Just before 1 a.m. local time on Friday, a systems administrator for a West Coast company that handles funeral and burial services suddenly woke up to find his computer screen flashing. He checked his company phone and was inundated with messages about what his colleagues were calling network problems. The company’s entire infrastructure was down, threatening to disrupt funerals and burials.
It quickly became clear that the massive disruption was caused by an outage at CrowdStrike. The security company accidentally caused chaos around the world Friday and into the weekend by distributing faulty software to its Falcon surveillance platform, disrupting operations at airlines, hospitals and other businesses large and small.
The administrator, who requested anonymity because he wasn’t authorized to speak publicly about the outage, sprung into action immediately. He ended up working nearly 20-hour days, driving from morgue to morgue, resetting dozens of computers himself to fix the problem. The situation, the administrator explained, was urgent: The computers needed to be back online to avoid disrupting funeral schedules and communications between hospitals and morgues.
“With a problem as big as what we had with the CrowdStrike outage, it makes sense for us to function well and make sure these families have service and can be with their families,” the systems administrator said. “People are grieving.”
CrowdStrike’s flawed update disabled some 8.5 million Windows computers worldwide, sending them into a frightening blue screen of death (BSOD) spiral. “The trust we’ve built over the years was wiped away in a matter of hours, dealing a huge blow,” Sean Henry, CrowdStrike’s chief security officer, wrote on LinkedIn early Monday. “But this pales in comparison to the pain we’ve caused our customers and partners. We’ve let down the people we promised to protect.”

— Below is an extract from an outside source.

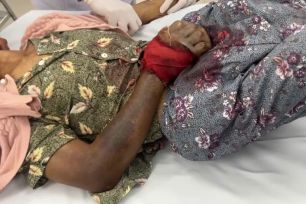 Tin thầy lang, người phụ nữ nguy kịch sau khi bị rắn cắn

Cloud platform outages and other software issues, including malicious cyberattacks, have caused major IT outages and global disruption before. But last week’s incident was particularly notable for two reasons. First, it was caused by a mistake in software that was meant to help and defend networks, not harm them. And second, fixing the problem required physical access to each affected machine, which meant manually booting each computer into Windows Safe Mode and applying the fix.
IT is often an unglamorous, thankless job, but the CrowdStrike fiasco took it to the next level. Some IT pros had to coordinate with remote employees and multiple international locations to explain manual device reset procedures. A junior systems administrator for an Indonesia-based fashion brand had to figure out how to overcome language barriers. “It was daunting,” he says.
“Unless something goes wrong, we don’t know,” a systems administrator at a Maryland healthcare facility told WIRED.
The person woke up just before 1 a.m. EDT to find the screens at the organization’s physical site had gone blue and become unresponsive. The team spent several hours in the early morning hours bringing the servers back online, then had to manually repair more than 5,000 other devices across the company. The outage cut off calls to the hospital and disrupted the system that dispenses medications. They had to write everything down by hand and walk to the pharmacy.